C.S. Lewis, Mere Christianity
The following was written for The Collegian, the student newspaper of Walla Walla University, published as “Fifty Days in Fiji” last week. It’s about the community I’ve come to appreciate in Fiji: a group of people that I can’t out-nice or out-serve. I’ve come to learn that’s not the point. At the same time I’ve learned more about my role as a student missionary. It has been lesson on service.
Rain falls steadily on the tin roof of the unfinished building I sit in. It’s a good sound and it reminds me of the elemental, adventurous aspect of life in Fiji. It means we’ll get extra rainwater in our big supply tanks and it makes the big room I’m in feel like a cozy cabin in the Northwest. Because of its shape and size, you and I might think of this building as a double-wide—a reference to that great architectural misfit, the mobile home. In America, I was never fond of mobile homes from a design standpoint—to me, they were duds. In Fiji, however, I’ve learned to be thankful for a place like this. It is one of the best houses on the island, and really quite promising. A carpenter will be visiting today to evaluate the building, then make a list of materials to order to finish it. With luck, three other student missionaries and I will be able to move into our new home by the end of the month. I’m excited to help the carpenter work on this space, see what it will become, and imagine it six months in the future, once the other volunteers and I have spent time in it and left our mark on it, and it on us.
Not long ago, I was imagining what my own future as a student missionary in Fiji would be like. I remember having trouble reconciling my primary desire for adventure, learning, and personal growth with what I thought should be proper missionary motive: serving a community. I began hoping I would be able to leave some great mark on the community I felt called to serve, not realizing that it might turn out that the community would be poised to leave a mark on me and serve me more than I could in return. I was in for a subversion of my service expectations that I couldn’t see at the time. That idea has started to germinate in various ways in the first 50 days here, primarily through the extraordinary kindness of the people of Fiji.
On day one, it was the kindness of a taxi driver named Imroz who, among many other things, let me use his phone to contact my family on that difficult, lonely day. On day four, it was an energetic group of children who offered to show me a great spot for jumping in the ocean and seeing coral, fish, and sharks. On day 14, it was some of those kids helping me scrub the house so I could paint it. On day 19, it was a super kind friend taking me to experience a hot spring on the main island; day 32, the principal’s family feeding us every day for a week when our supplies ran low; day 35, the teachers’ husbands taking care of a waterline I ruptured while digging a hole; day 44, church members having us over for Sabbath dinner, which they insist on every week; and every day, seeing the happiness of the kids, or the color of a sunrise, or a hundred other blessings God might open our eyes to.

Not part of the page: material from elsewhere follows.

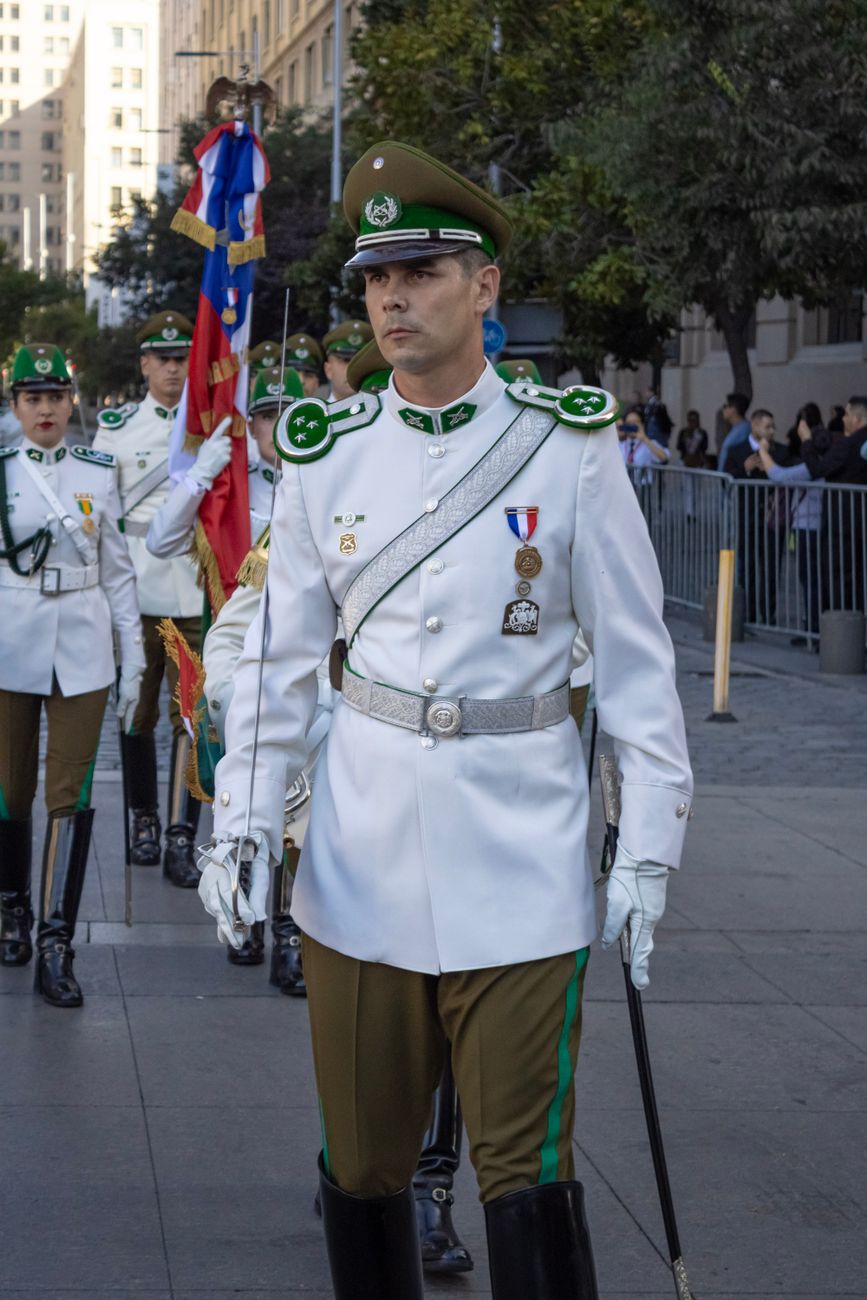 Uma procissão formal de oficiais da Carabinieri chilena em Santiago em um dia ensolarado.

I imagine God saying, “Don’t limit me—I have more in mind than you serving them, because this isn’t about you. Let me work. This may be difficult and awkward and humbling, and it might not follow your plan. Are you still willing?” In my time here so far, I have experienced a greater sense of blessing in the times I have responded “yes.” In that fact I have begun to reconcile my motive with God’s. Having an adventure is not my or any student missionary’s true purpose, but perhaps while my purpose was for adventure and service, God’s purpose was something more. Maybe my purpose was the means to an end that God used to get me here, but not the end itself. Or this: I knew how to send myself (by having the desire to go), but God knew why I should be sent—my willingness, and my own plans, in exchange for God’s much better plan. In my experience so far, willingness has been the key to adventure, learning, and self growth. How interesting it is that God gives us a key to our plans when we have a willingness to follow His, even if we have to ask for help.
Back in the empty house, the rain has stopped and the carpenter has arrived. He’s sitting on two cinder blocks with a makeshift plank table in front of him, where he’s writing a list of materials we need to finish the house. He looks around slowly between jots of his pen and sips from a mug of Tang. All morning I also looked around the house: laying out the kitchen in my mind here, planning a wall there, and in general preparing to give my design input for the space I felt entitled to—after all, I will be living here for six months. But the way the carpenter sits quietly and thoughtfully writing his plan out makes me pause. Although I’m still eager to help, I find myself reluctant to volunteer my input to the carpenter, who seems older and wiser than I expected. He knows what he’s doing. I remember that it’s his job to build, and my job to help. He thinks for a minute, evaluating, planning. He takes it in. Then pen goes to paper, and the carpenter makes his mark.